* Task item *
Find the string "home" in the data, and copy out each line that has it.

* Available records *
>>

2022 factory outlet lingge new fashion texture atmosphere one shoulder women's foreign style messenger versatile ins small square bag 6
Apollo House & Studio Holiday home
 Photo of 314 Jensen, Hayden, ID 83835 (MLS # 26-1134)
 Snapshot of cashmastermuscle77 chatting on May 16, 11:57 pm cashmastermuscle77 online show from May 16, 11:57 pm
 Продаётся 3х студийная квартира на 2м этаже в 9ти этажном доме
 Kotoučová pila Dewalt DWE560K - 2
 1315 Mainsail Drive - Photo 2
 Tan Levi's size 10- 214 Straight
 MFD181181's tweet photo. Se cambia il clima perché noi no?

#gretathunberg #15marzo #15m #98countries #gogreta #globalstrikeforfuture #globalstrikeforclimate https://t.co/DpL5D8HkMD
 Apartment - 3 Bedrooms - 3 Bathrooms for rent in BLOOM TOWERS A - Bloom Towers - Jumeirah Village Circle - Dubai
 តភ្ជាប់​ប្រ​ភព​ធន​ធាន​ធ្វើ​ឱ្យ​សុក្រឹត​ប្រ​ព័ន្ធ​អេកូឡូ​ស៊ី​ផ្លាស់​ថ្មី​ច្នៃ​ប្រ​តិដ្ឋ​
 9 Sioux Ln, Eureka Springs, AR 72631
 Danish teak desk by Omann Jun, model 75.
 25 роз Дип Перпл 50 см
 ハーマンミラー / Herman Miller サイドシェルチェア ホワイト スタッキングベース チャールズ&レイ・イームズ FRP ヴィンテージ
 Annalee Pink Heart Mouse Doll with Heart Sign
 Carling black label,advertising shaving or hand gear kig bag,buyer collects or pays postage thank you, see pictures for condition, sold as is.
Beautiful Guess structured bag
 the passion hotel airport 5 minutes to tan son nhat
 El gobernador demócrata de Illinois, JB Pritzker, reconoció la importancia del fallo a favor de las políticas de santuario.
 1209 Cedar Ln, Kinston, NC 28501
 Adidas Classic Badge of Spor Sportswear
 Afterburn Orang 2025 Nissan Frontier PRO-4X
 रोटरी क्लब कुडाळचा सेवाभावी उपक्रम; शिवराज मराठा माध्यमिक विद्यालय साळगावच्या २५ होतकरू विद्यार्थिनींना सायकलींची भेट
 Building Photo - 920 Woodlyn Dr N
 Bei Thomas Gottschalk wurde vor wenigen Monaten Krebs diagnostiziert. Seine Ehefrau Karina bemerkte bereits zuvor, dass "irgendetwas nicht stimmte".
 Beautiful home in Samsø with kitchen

<<

* Answer to this problem *
Apollo House & Studio Holiday home
 Beautiful home in Samsø with kitchen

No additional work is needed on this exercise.